Data for this exercise:
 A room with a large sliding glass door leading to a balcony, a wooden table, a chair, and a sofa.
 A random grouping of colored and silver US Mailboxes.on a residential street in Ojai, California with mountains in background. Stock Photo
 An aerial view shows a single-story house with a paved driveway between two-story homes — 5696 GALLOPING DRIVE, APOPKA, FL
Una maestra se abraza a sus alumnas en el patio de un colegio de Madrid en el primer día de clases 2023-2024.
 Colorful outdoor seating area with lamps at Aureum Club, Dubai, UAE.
...
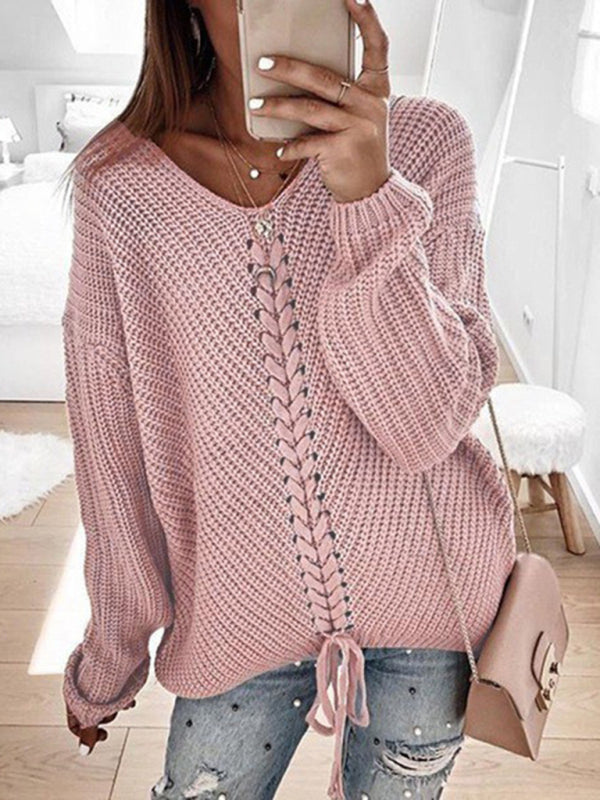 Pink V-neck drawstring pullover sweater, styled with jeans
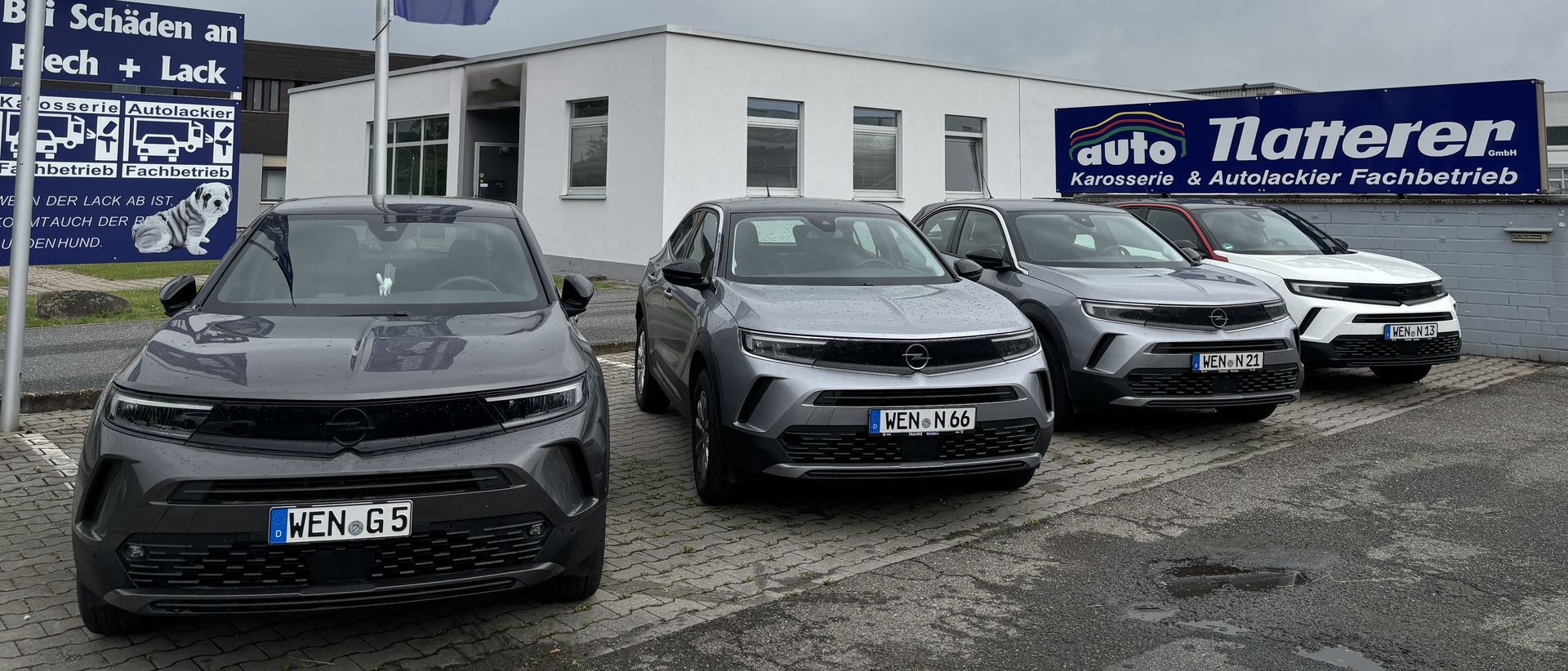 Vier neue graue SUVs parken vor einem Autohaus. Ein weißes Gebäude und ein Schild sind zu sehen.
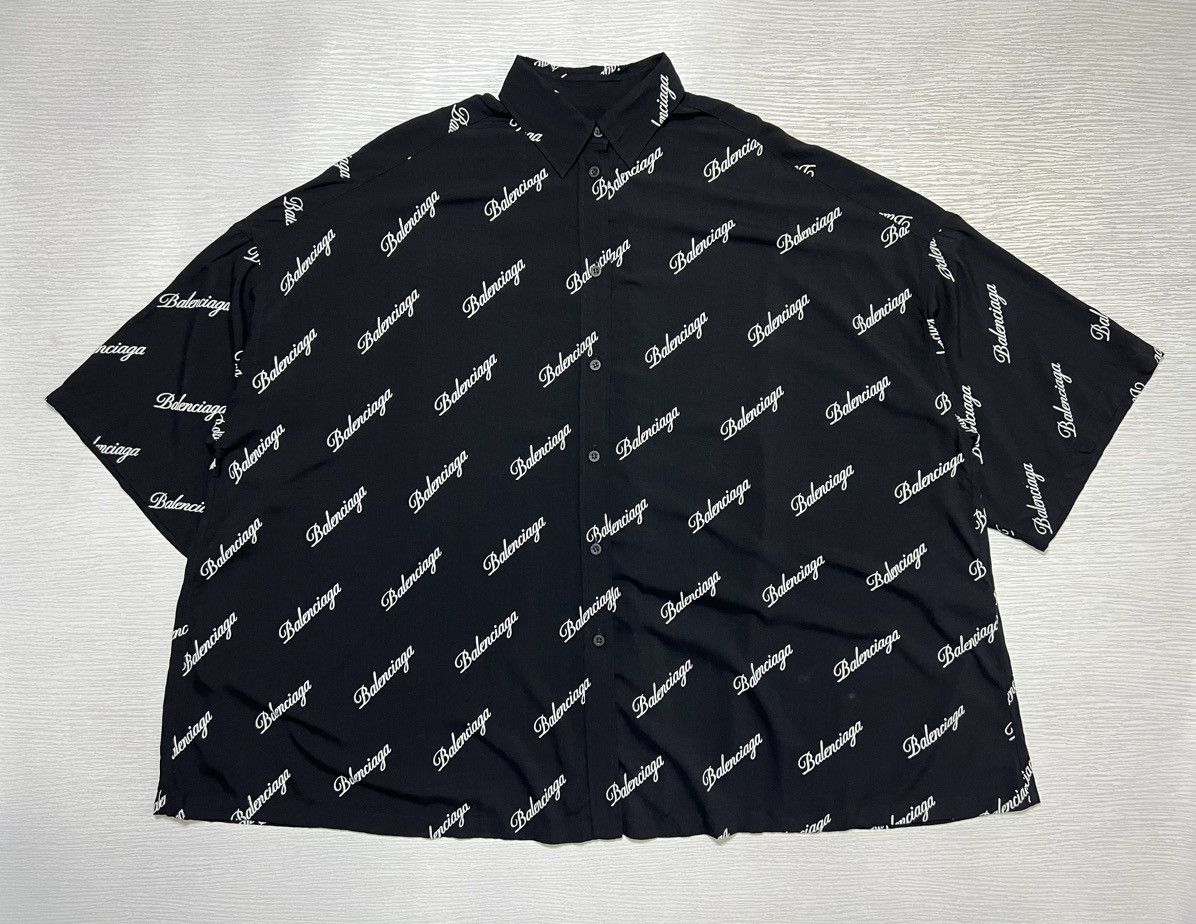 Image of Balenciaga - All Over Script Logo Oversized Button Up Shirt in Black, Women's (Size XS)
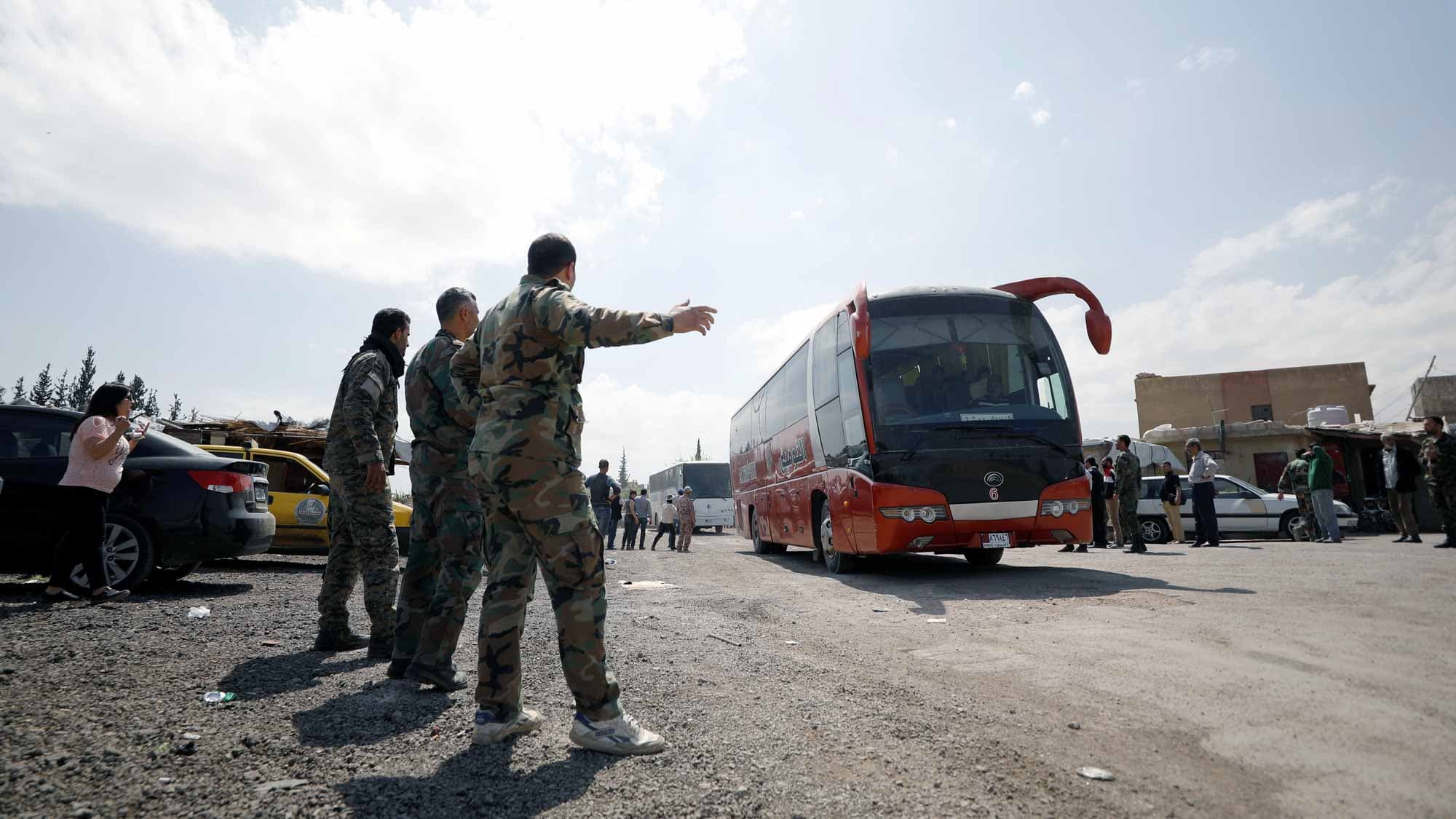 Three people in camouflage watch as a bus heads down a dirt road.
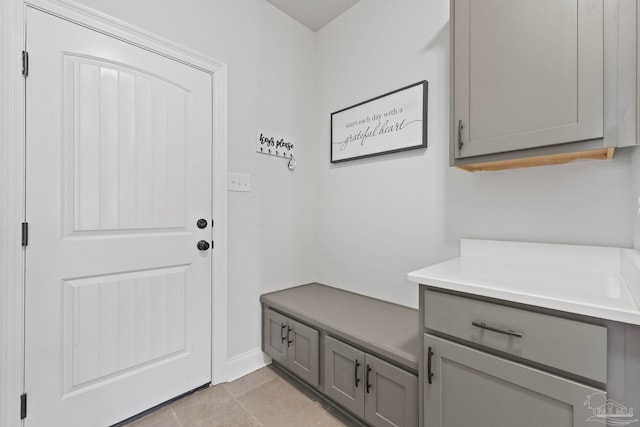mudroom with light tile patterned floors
---
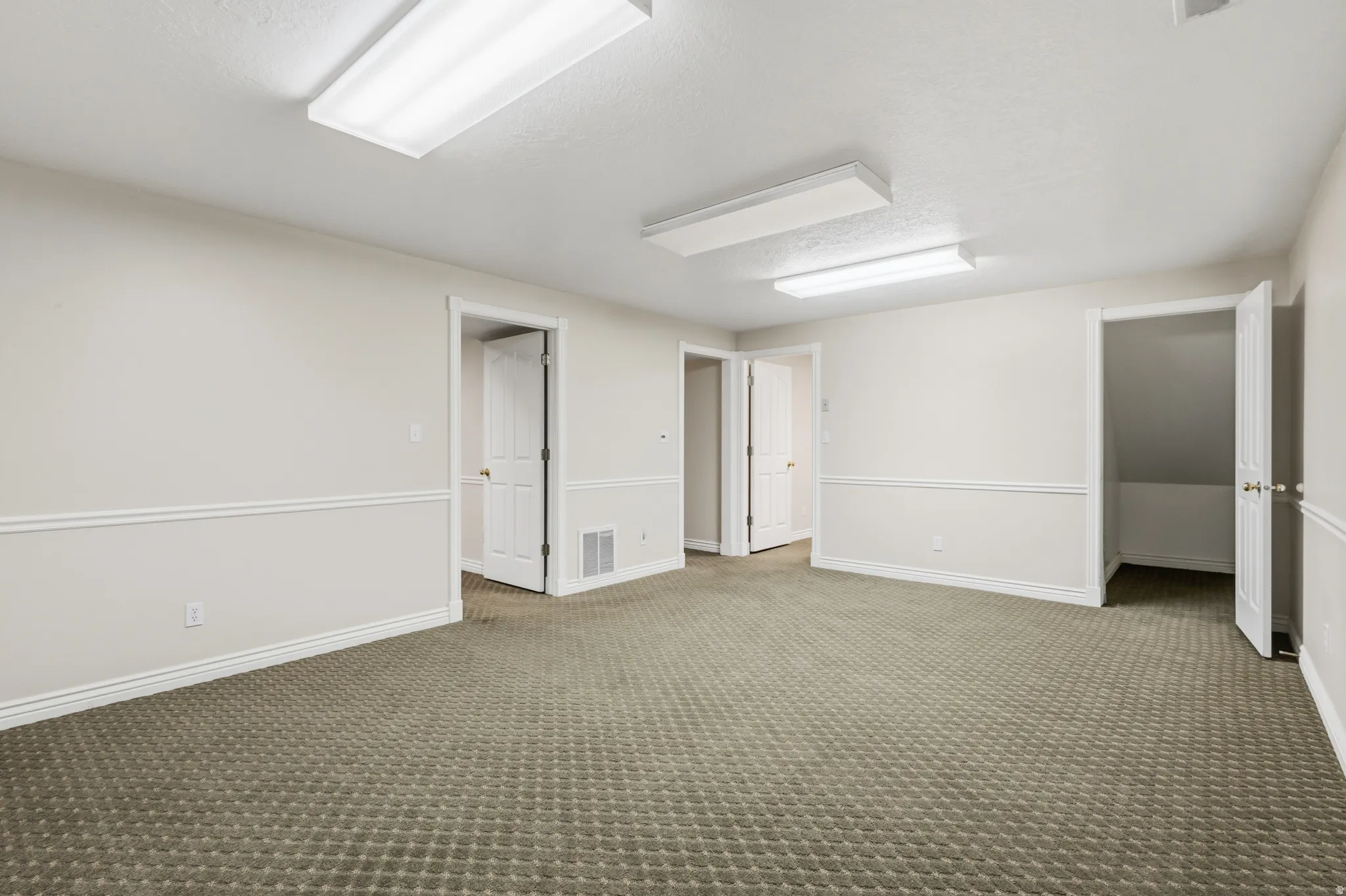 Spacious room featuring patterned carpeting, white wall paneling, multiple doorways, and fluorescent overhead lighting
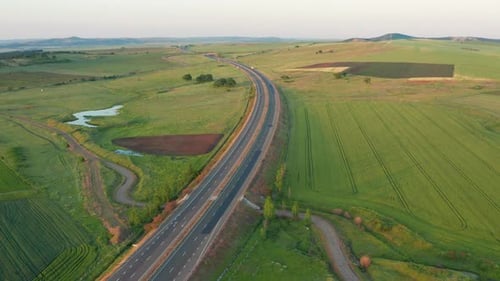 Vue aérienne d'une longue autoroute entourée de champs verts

Problem to solve:
Would you copy the lines above exactly, starting with the one that has "Image of Balenciaga" and ending with the one that has "mudroom with light tile patterned floors", both included, without the pictures?

Result of this exercise:
 Image of Balenciaga - All Over Script Logo Oversized Button Up Shirt in Black, Women's (Size XS)
 Three people in camouflage watch as a bus heads down a dirt road.
mudroom with light tile patterned floors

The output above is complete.